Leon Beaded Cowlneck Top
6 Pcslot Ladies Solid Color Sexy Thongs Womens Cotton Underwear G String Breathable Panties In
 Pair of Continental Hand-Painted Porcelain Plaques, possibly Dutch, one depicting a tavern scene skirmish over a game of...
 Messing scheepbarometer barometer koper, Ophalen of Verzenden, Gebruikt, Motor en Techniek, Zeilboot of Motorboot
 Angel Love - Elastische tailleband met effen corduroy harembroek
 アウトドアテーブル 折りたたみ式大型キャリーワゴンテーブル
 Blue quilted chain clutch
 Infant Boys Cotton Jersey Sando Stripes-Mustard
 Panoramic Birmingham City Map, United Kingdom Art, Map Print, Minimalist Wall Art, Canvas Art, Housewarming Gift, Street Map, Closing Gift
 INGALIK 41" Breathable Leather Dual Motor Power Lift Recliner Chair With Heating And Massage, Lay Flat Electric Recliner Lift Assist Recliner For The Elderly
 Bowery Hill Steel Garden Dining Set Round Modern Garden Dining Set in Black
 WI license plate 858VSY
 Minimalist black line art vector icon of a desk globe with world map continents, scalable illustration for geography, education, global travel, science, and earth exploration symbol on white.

◇ ◇ ◇ ◇ ◇ ◇ ◇

Write down the full listing again, exactly.

Leon Beaded Cowlneck Top
6 Pcslot Ladies Solid Color Sexy Thongs Womens Cotton Underwear G String Breathable Panties In
 Pair of Continental Hand-Painted Porcelain Plaques, possibly Dutch, one depicting a tavern scene skirmish over a game of...
 Messing scheepbarometer barometer koper, Ophalen of Verzenden, Gebruikt, Motor en Techniek, Zeilboot of Motorboot
 Angel Love - Elastische tailleband met effen corduroy harembroek
 アウトドアテーブル 折りたたみ式大型キャリーワゴンテーブル
 Blue quilted chain clutch
 Infant Boys Cotton Jersey Sando Stripes-Mustard
 Panoramic Birmingham City Map, United Kingdom Art, Map Print, Minimalist Wall Art, Canvas Art, Housewarming Gift, Street Map, Closing Gift
 INGALIK 41" Breathable Leather Dual Motor Power Lift Recliner Chair With Heating And Massage, Lay Flat Electric Recliner Lift Assist Recliner For The Elderly
 Bowery Hill Steel Garden Dining Set Round Modern Garden Dining Set in Black
 WI license plate 858VSY
 Minimalist black line art vector icon of a desk globe with world map continents, scalable illustration for geography, education, global travel, science, and earth exploration symbol on white.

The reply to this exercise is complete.